We look back with scorn at the book burnings, getting rid of ideas of which the establishment disapproves.  But what is it that Facebook, YouTube, and Twitter are doing that is different?  Are these not the modern version of the same thing, today’s book burnings?

What of witch hunts and burning witches at the stake?  One looks at the career ending cancel culture and sees that little has changed.

And let’s not start on the issue of child sacrifice.  We rightly look on such practices of the ancient world with horror: sacrificing a child in order to bring on a better world for the adult.  We have a modern word for the same thing: abortion.  It just that today the numbers are infinitely larger.

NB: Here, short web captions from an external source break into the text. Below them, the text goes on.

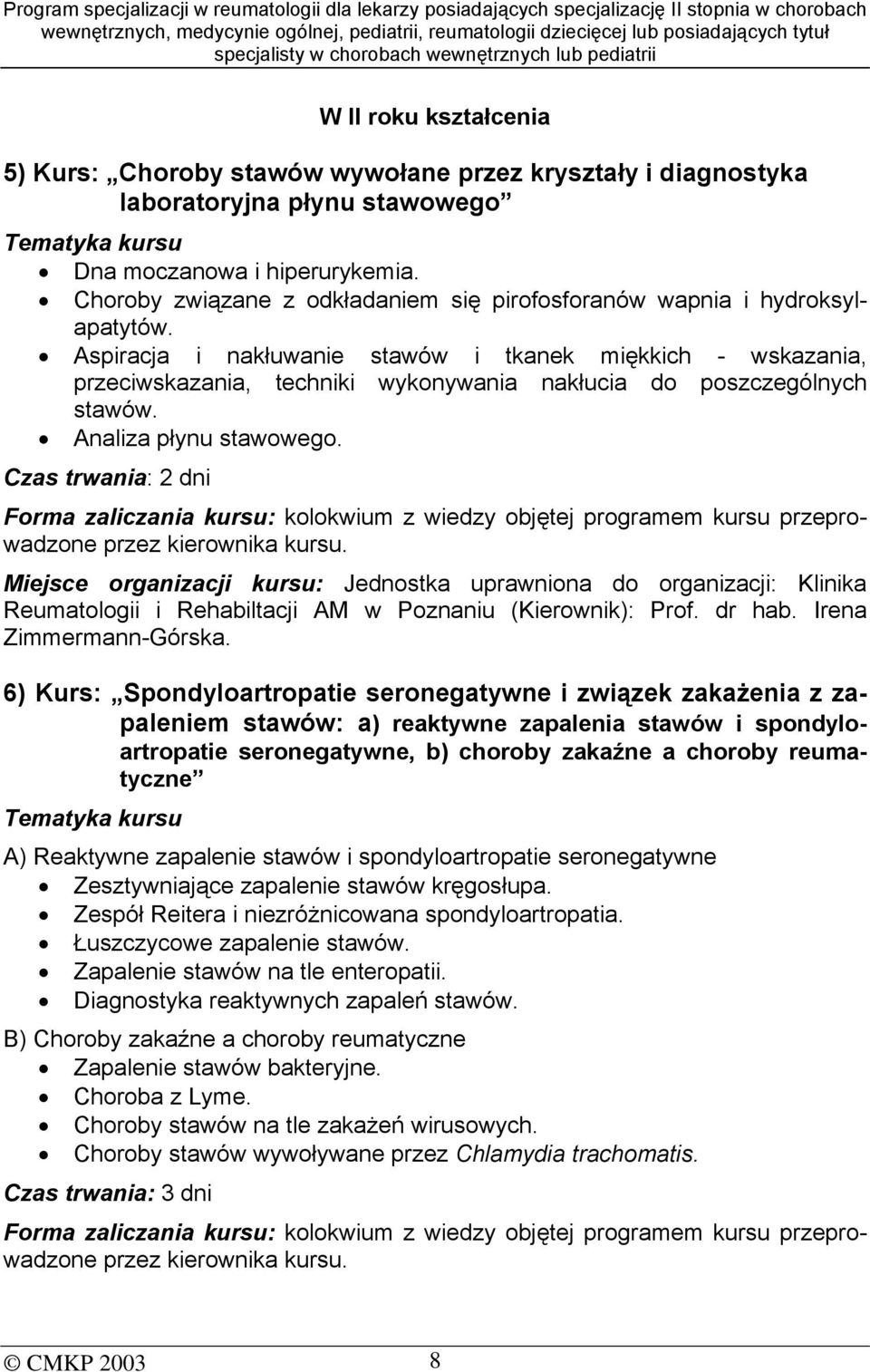 Aspiracja i nakłuwanie stawów i tkanek miękkich - wskazania, przeciwskazania, techniki wykonywania nakłucia do poszczególnych stawów. Analiza płynu stawowego.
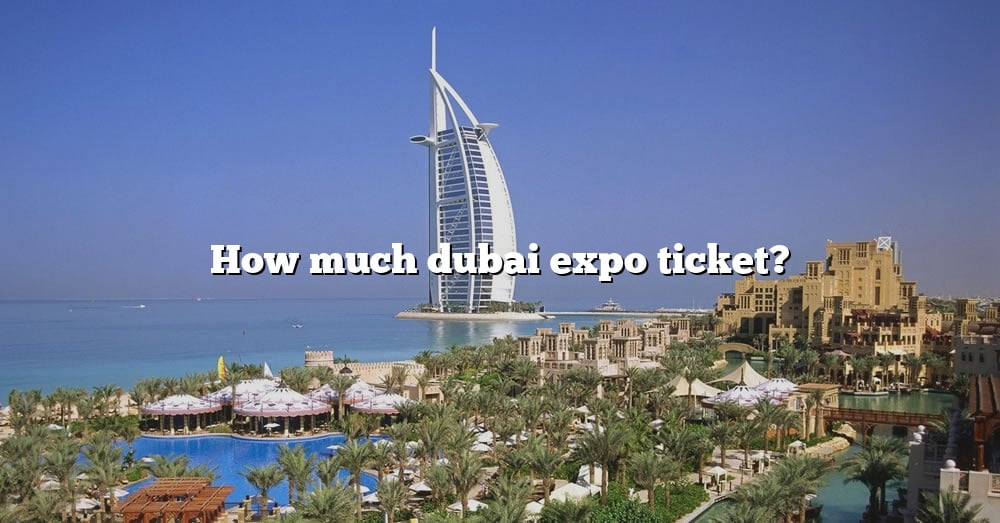 How Much Dubai Expo Ticket? [The Right Answer] 2022 TraveliZta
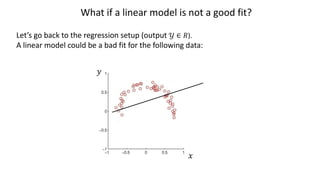 What if a linear model is not a good fit?
Let’s go back to the regression setup (output ! ∈ #).
A linear model could be a bad fit for the following data:
%
&
 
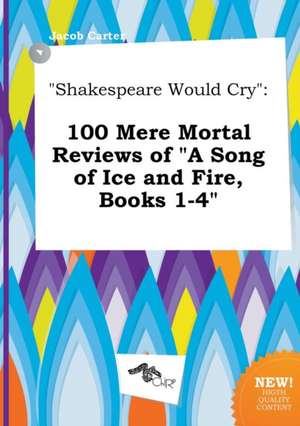 Shakespeare Would Cry: 100 Mere Mortal Reviews of a Song of Ice and Fire, Books 1-4 de Jacob Carter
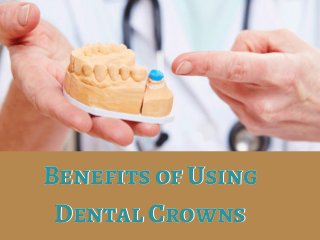 Benefits of Using
Dental Crowns
Benefits of Using
Dental Crowns
 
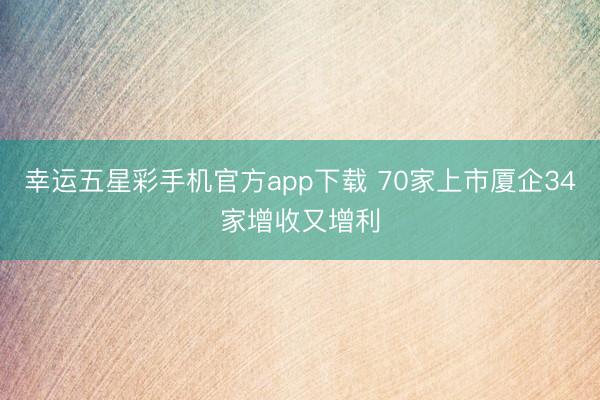 幸运五星彩手机官方app下载 70家上市厦企34家增收又增利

One of the big criticisms of God is the idea that this world cannot be the product of a good God.  Now, it isn’t any of the above modern practices that are at issue – it isn’t abortion, cancel culture, or the hell brought on by lockdowns and money printing that cause us to call into question the existence of God.  It is that we don’t live in some version of utopia: no child left behind, no one hungry, no one sick, no one poor, no one dying.  That sort of thing.

But I wonder: this world is not good compared to what world?  We have water, food, oxygen, natural resources that allow for an ever-improving standard of living in the right circumstances (private property and free markets).  Man has been given reason – a rational faculty.  We have been given everything necessary to sustain and enhance human life.  Have you tried living on Venus or Mars?

All of this leads me to wonder: the more we progress in the way that the left means that term, the more we return to the worst of humanity.  If there is one concrete feature of the left, it is that tradition is ignored, even mocked.

In order to progress, one must understand what one is progressing from and toward what one is progressing to.  Both the past (cultural tradition) and the future (toward what end) must be clearly understood and defined.  Otherwise “progress” means nothing more than “every day is a new day.”  One can never go wrong under such circumstances as there is not standard – either from the past or the future.  Here again, another concrete feature of the left; they can never be wrong.

Not learning from our past does nothing but bring us back to the same past.  Sure, we enhance the past with our modern technology.  I think for this we are worse off – we are more easily found, tracked, and traced.  We are more efficiently killed.  The meaning of life is much more easily taken from us.